Data excerpts
== == ==
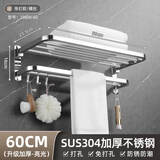 正山毛巾架免打孔卫生间置物架浴室304不锈钢卫浴五金挂件加厚浴巾架 升级双钩亮光60cm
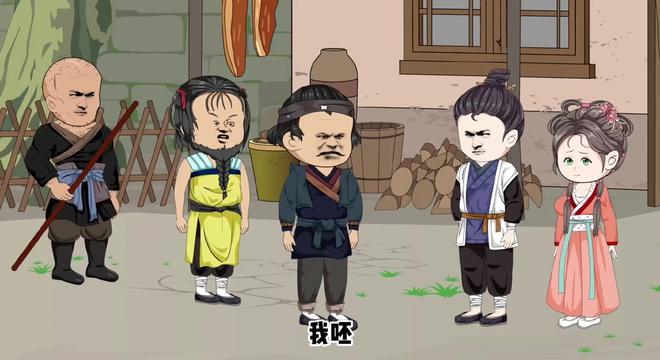 寒门秦风海报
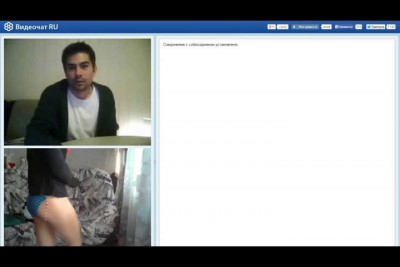 троллинг в видеочате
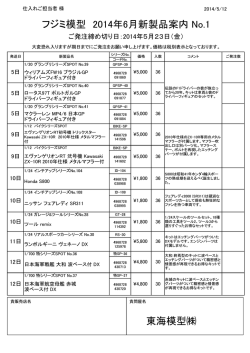 フジミ模型 2014年6月新製品案内 No.1 東海模型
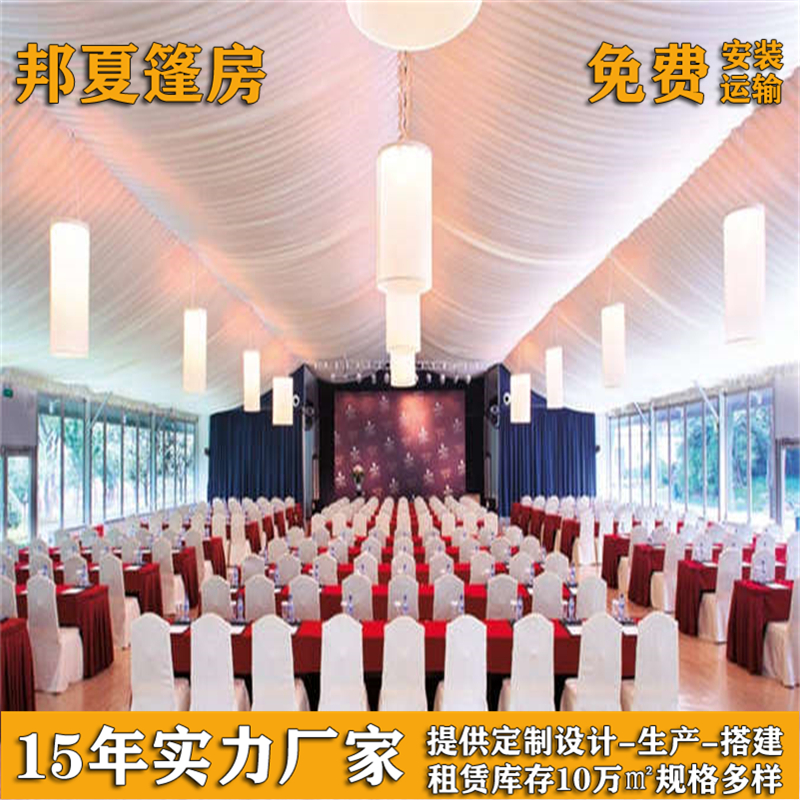 杭州篷房_杭州篷房厂家_巡展厂家(图5)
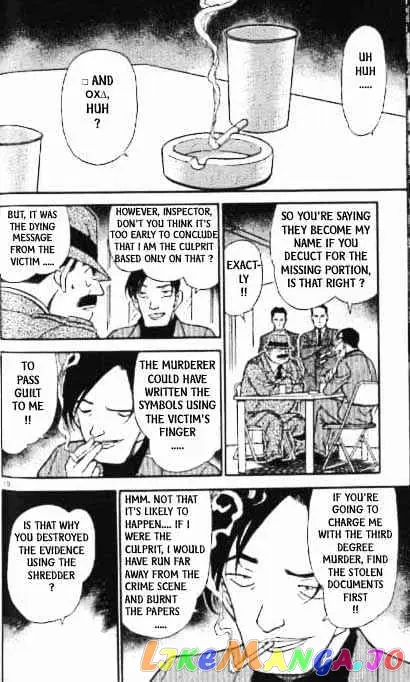 Case Closed Manga - Chapter 340 - Page 10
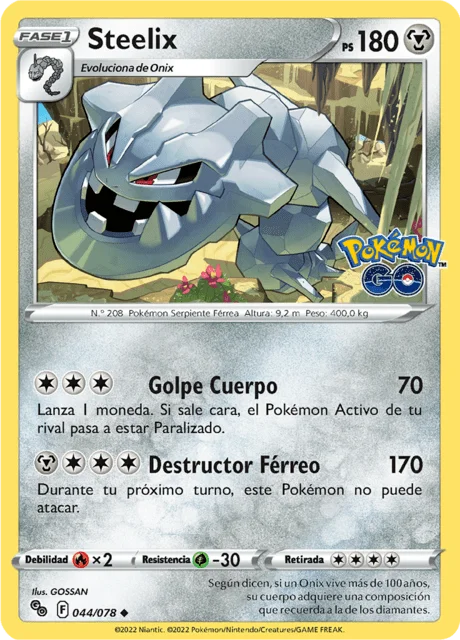 Steelix 「PGO 044」「ES」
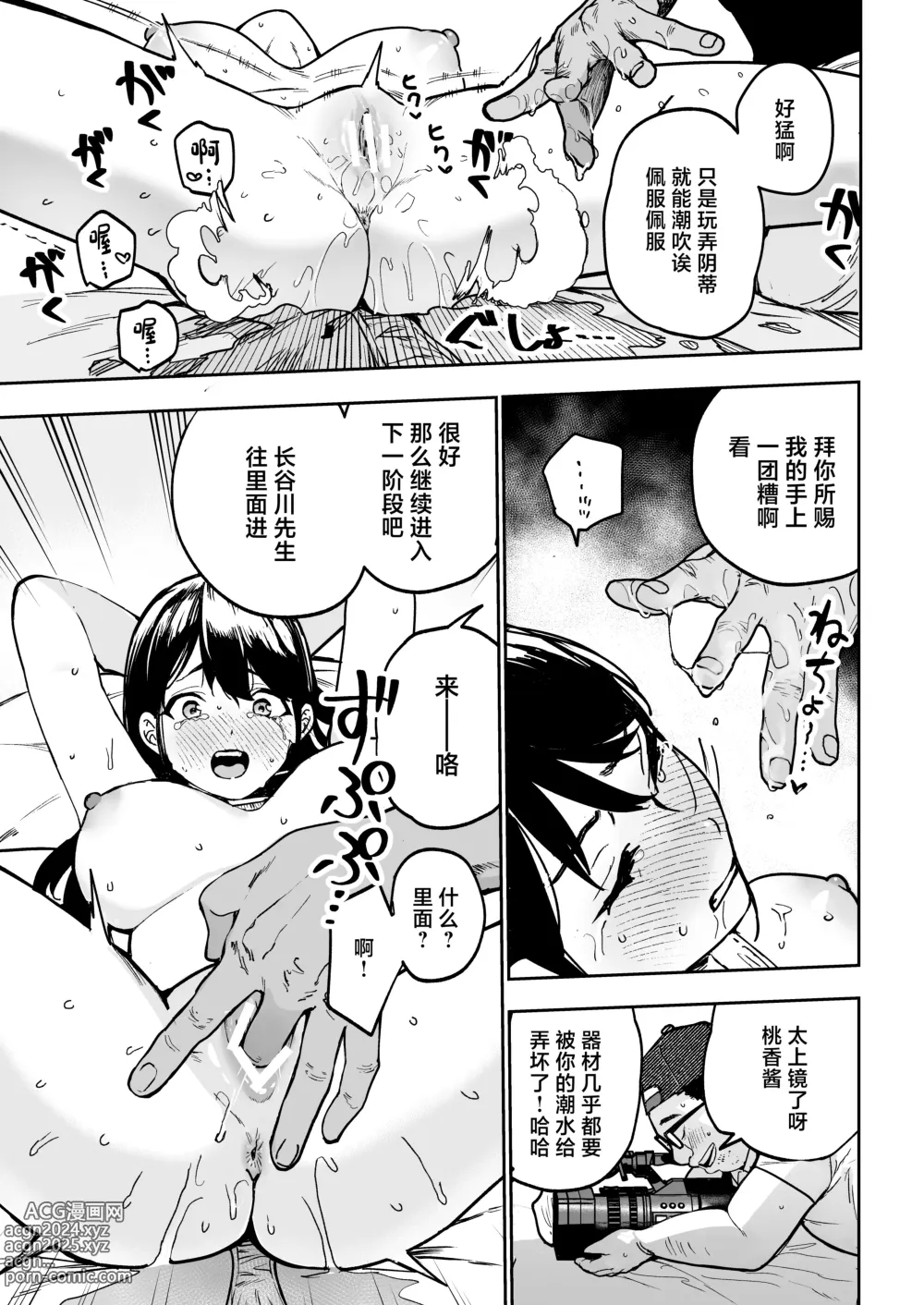 Page 34 of doujinshi Gakeppuchi Idol, Hajimete no Gravure Satsuei de Zecchou!? ~Mizugi no Naka Made Massage Sareru nante Kiitemasen!~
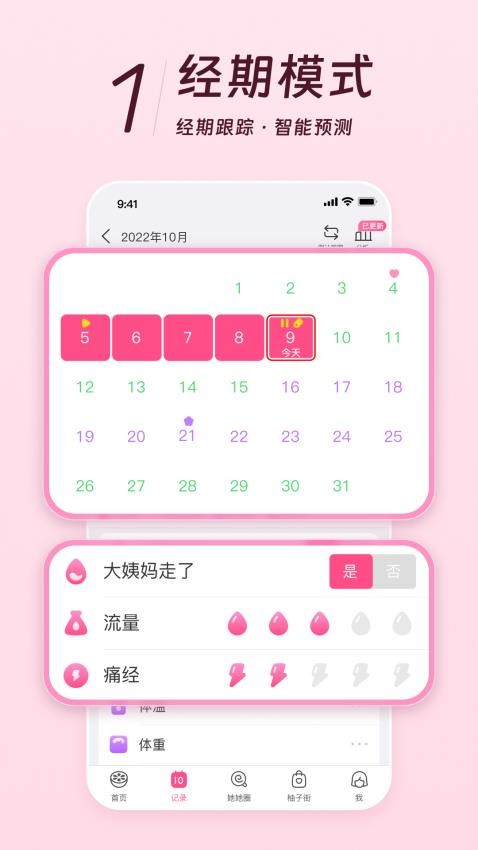 美柚官网版v8.74.0.0(4)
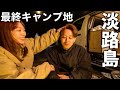 不安と緊張の先に待っていた、本州旅ラストキャンプ。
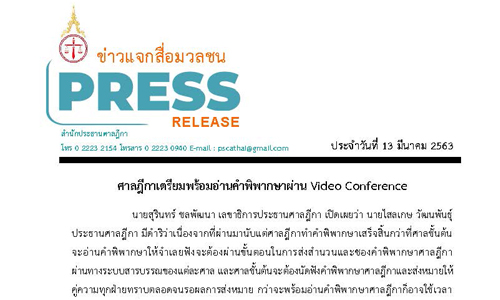 PIC sandika 13 3 63 8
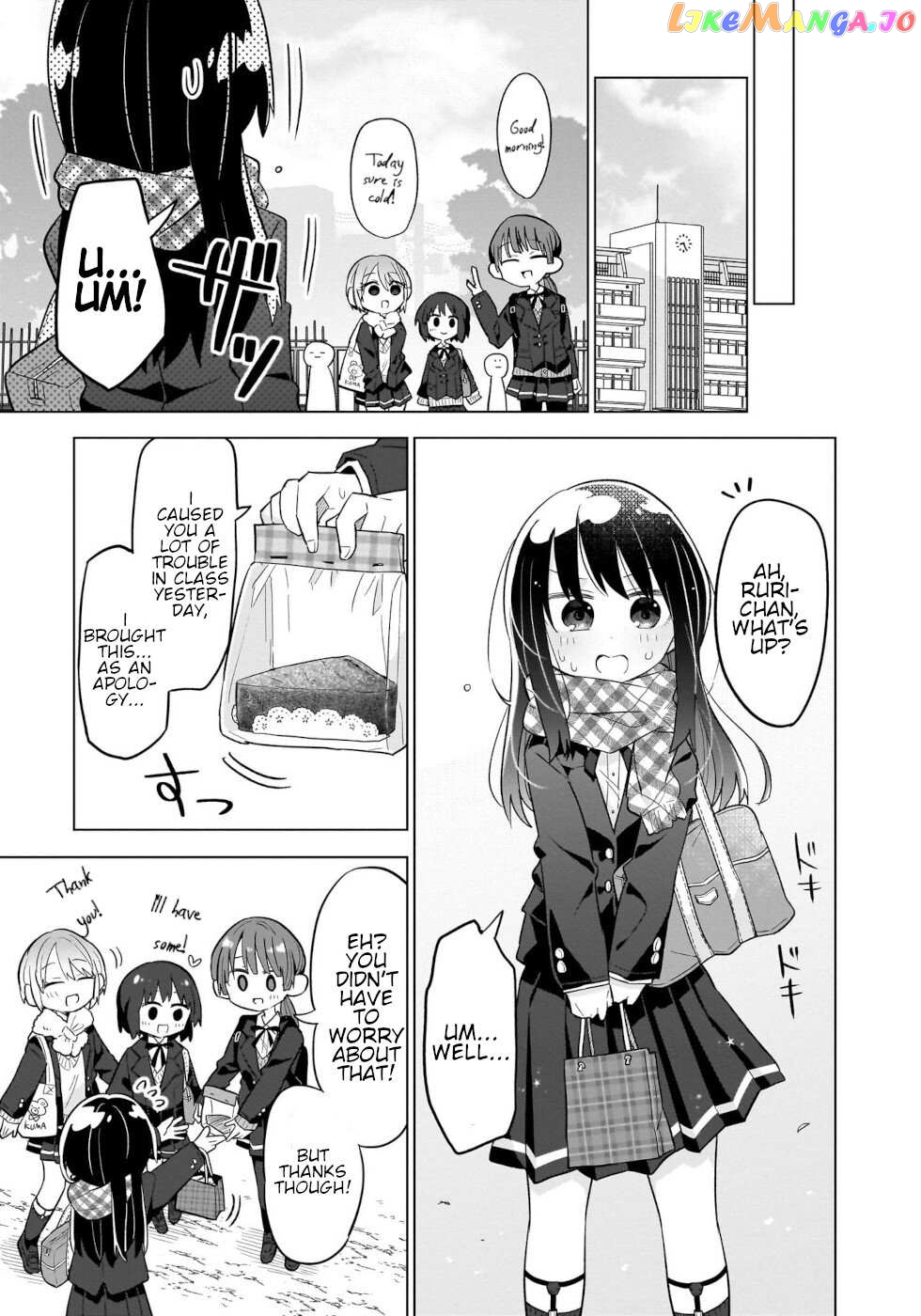 Sweets, Elf, And A High School Girl Chapter 7 - page 17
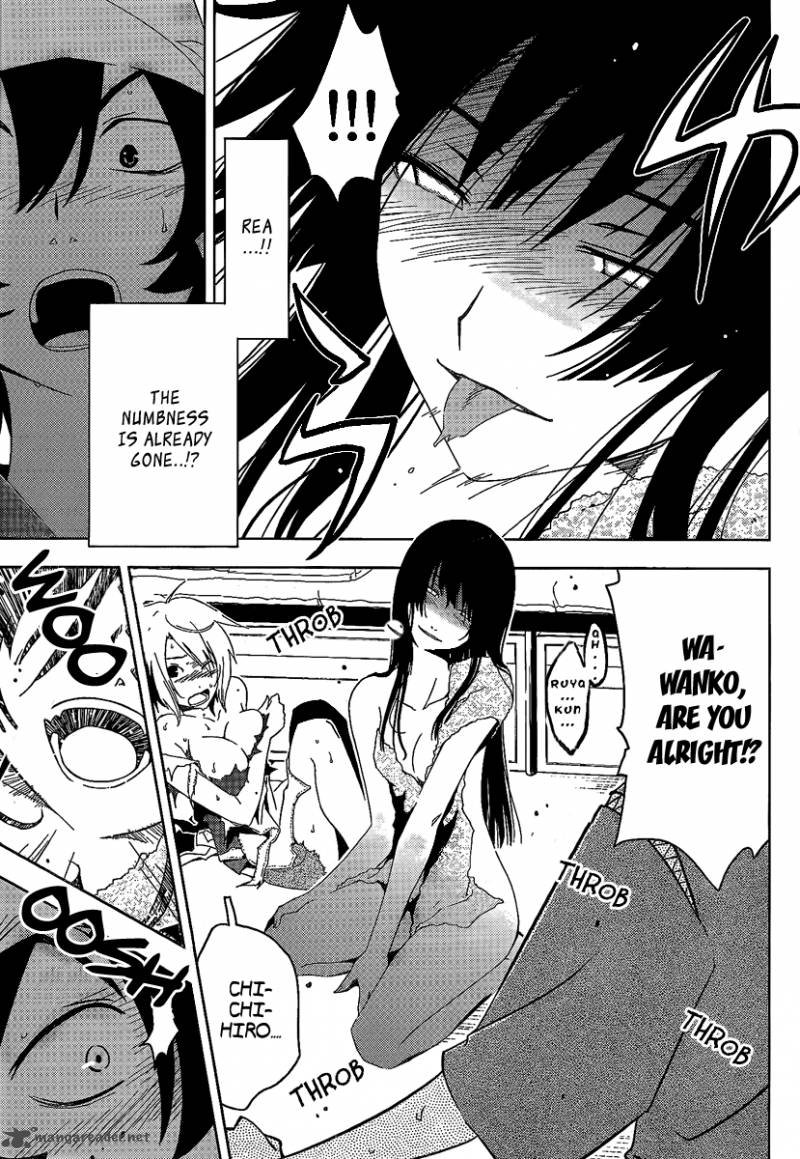 sankarea_5_45
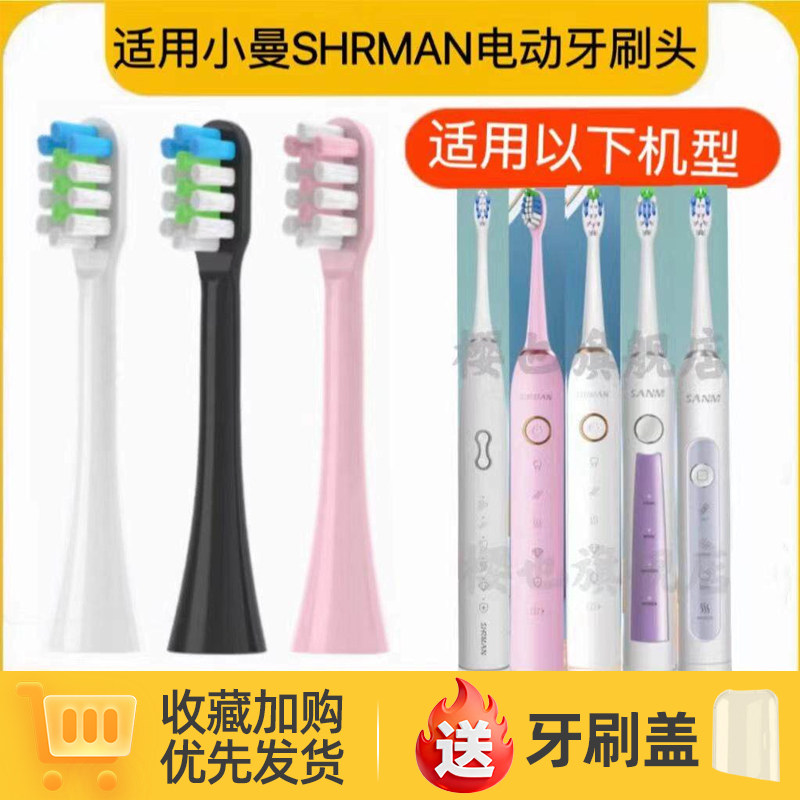 适配SHRMAN小曼电动牙刷头S2/CG-111/S5/H2/T1/F8/K5/F6/H3替换头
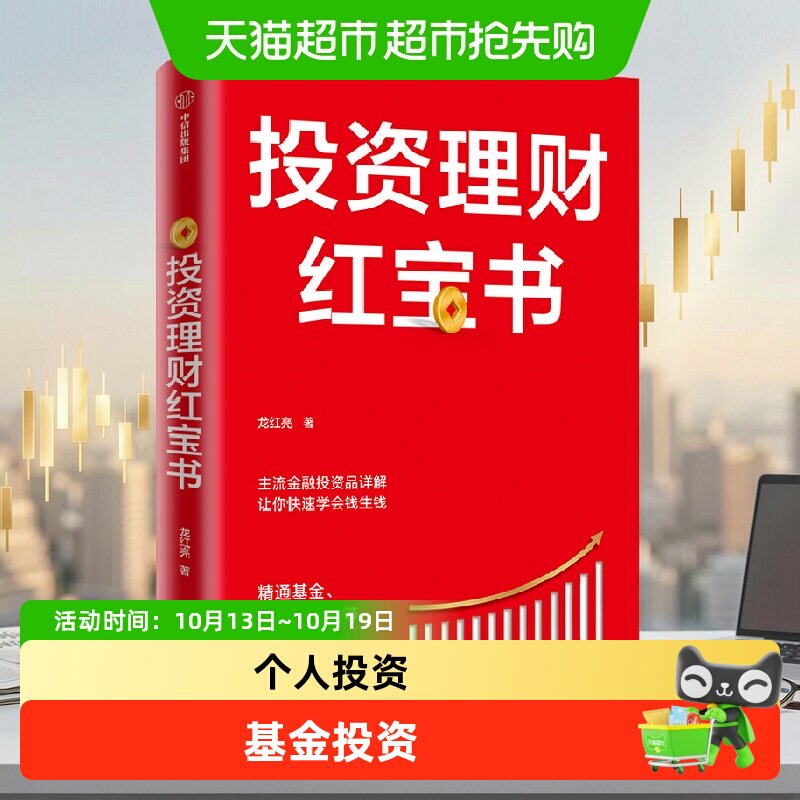 投资理财红宝书 精通基金 股票 国债等个人投资的6种工具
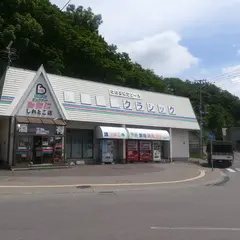 （有）マルサン美田二 しれとこ支店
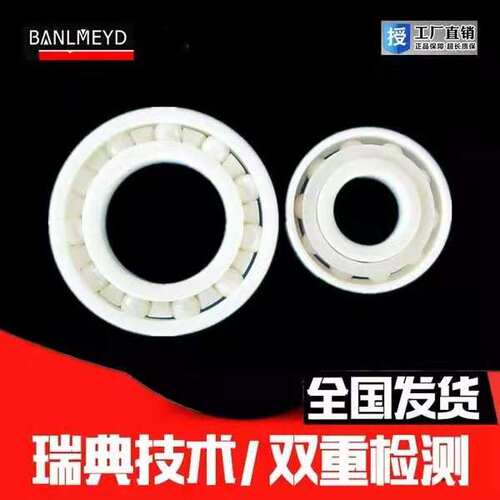 BMD进口雕刻机主轴陶瓷球轴承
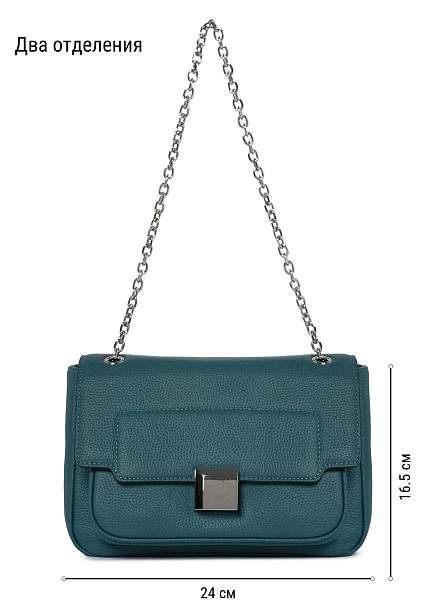 Сумка ELEGANZZA Z-4163D cyprus-aqua Eleganzza, Артикул: Z-4163D-01-00055286 фото №1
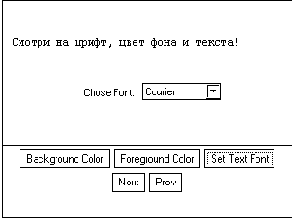 ���������� Notebook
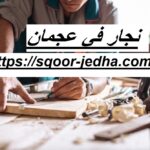 نجار في عجمان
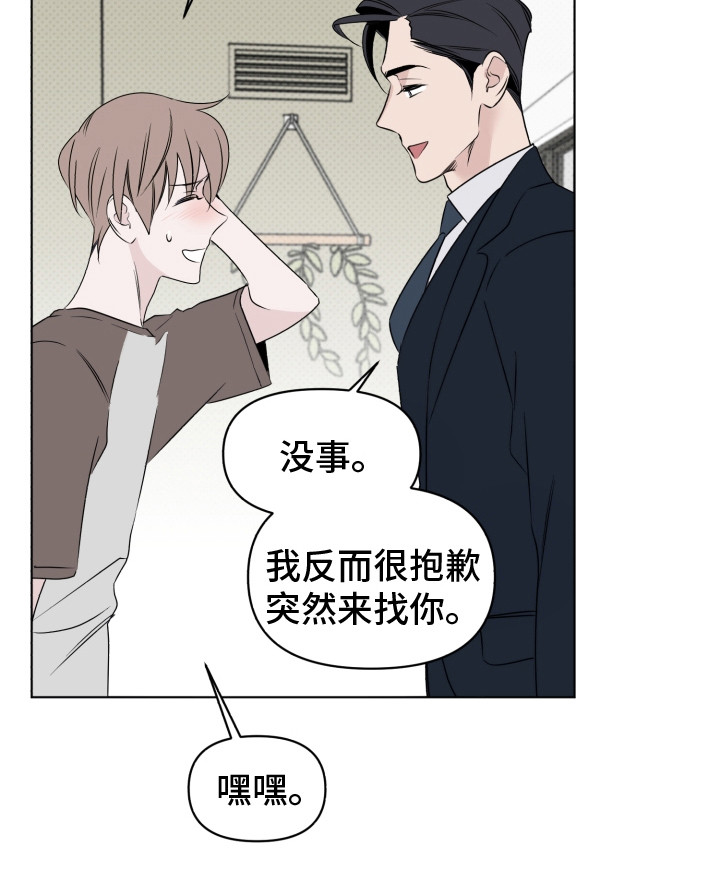 《歌手负责人》第36章探望 第18页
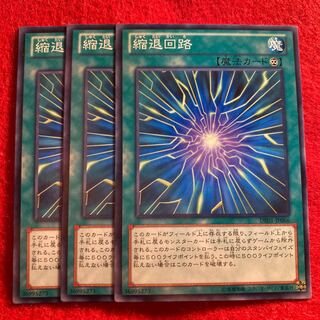 Degenerate Circuit☆5502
== == ==
Work instructions
Your copy must repeat the data word for word and show none of its images.

Result of the exercise
 正山毛巾架免打孔卫生间置物架浴室304不锈钢卫浴五金挂件加厚浴巾架 升级双钩亮光60cm
 寒门秦风海报
 троллинг в видеочате
 フジミ模型 2014年6月新製品案内 No.1 東海模型
 杭州篷房_杭州篷房厂家_巡展厂家(图5)
 Case Closed Manga - Chapter 340 - Page 10
 Steelix 「PGO 044」「ES」
 Page 34 of doujinshi Gakeppuchi Idol, Hajimete no Gravure Satsuei de Zecchou!? ~Mizugi no Naka Made Massage Sareru nante Kiitemasen!~
 美柚官网版v8.74.0.0(4)
 不安と緊張の先に待っていた、本州旅ラストキャンプ。
 PIC sandika 13 3 63 8
 Sweets, Elf, And A High School Girl Chapter 7 - page 17
 sankarea_5_45
 适配SHRMAN小曼电动牙刷头S2/CG-111/S5/H2/T1/F8/K5/F6/H3替换头
 投资理财红宝书 精通基金 股票 国债等个人投资的6种工具
 （有）マルサン美田二 しれとこ支店
 BMD进口雕刻机主轴陶瓷球轴承
 Сумка ELEGANZZA Z-4163D cyprus-aqua Eleganzza, Артикул: Z-4163D-01-00055286 фото №1
 ���������� Notebook
 نجار في عجمان
 《歌手负责人》第36章探望 第18页
 Degenerate Circuit☆5502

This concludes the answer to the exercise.